== RECORDS FOR THIS TASK

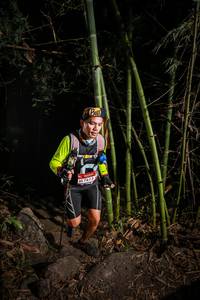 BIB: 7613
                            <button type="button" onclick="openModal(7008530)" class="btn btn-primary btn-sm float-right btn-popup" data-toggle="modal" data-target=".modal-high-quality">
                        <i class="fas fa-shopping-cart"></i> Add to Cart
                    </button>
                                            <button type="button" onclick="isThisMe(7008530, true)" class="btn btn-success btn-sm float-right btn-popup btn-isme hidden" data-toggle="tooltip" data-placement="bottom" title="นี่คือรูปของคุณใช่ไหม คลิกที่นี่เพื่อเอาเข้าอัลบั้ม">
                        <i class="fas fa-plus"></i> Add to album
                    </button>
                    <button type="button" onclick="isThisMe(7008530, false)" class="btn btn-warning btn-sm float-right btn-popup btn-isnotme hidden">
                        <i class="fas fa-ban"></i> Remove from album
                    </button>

====

● WHAT TO WORK ON: Your answer must be a single number: how many lines of the records contain the word "data".

● YOUR RESPONSE: 2